Start of COLLECTED DATA

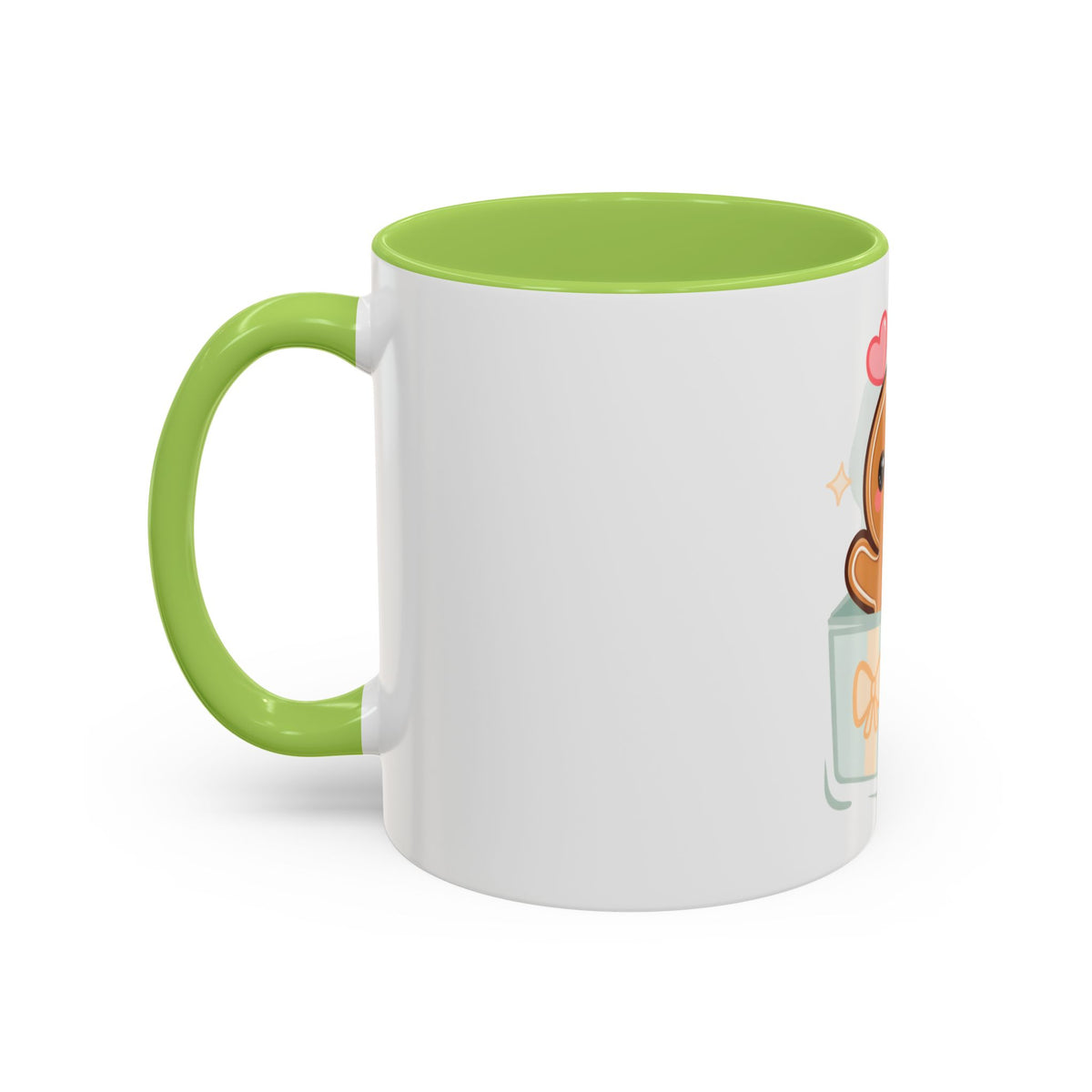 Gingerbread Gift Mug, Cute Holiday Accent Coffee Mug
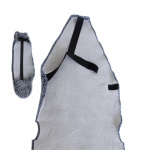 Sheepskin cover set with 3 pieces leather Grey Sheepskin cover set with 3 pieces leather Grey
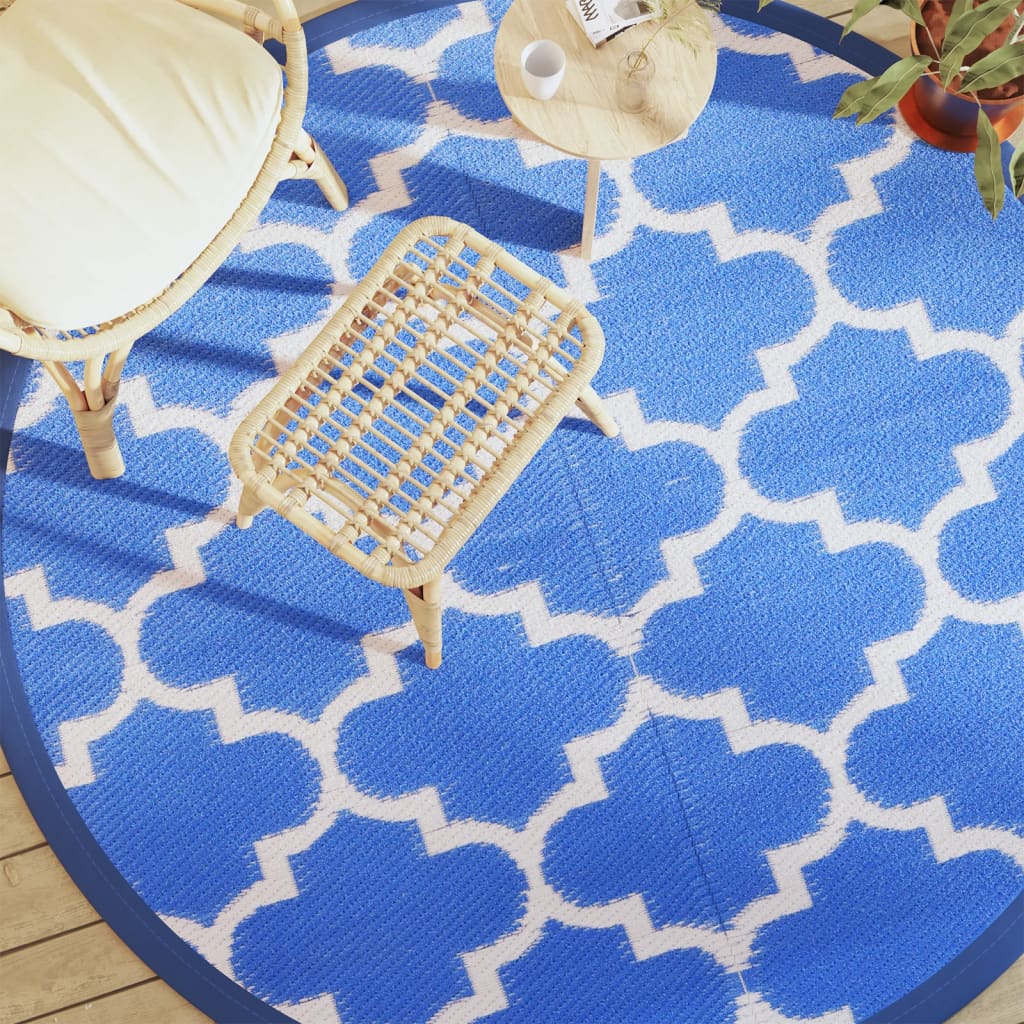 Outdoor Carpet ARAKIL Blue Ø200 cm PP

End of COLLECTED DATA

» **REQUIREMENT**
The result should be every line of the data, reproduced exactly, with the images removed.

» **TASK OUTPUT**
 Gingerbread Gift Mug, Cute Holiday Accent Coffee Mug
 Sheepskin cover set with 3 pieces leather Grey Sheepskin cover set with 3 pieces leather Grey
 Outdoor Carpet ARAKIL Blue Ø200 cm PP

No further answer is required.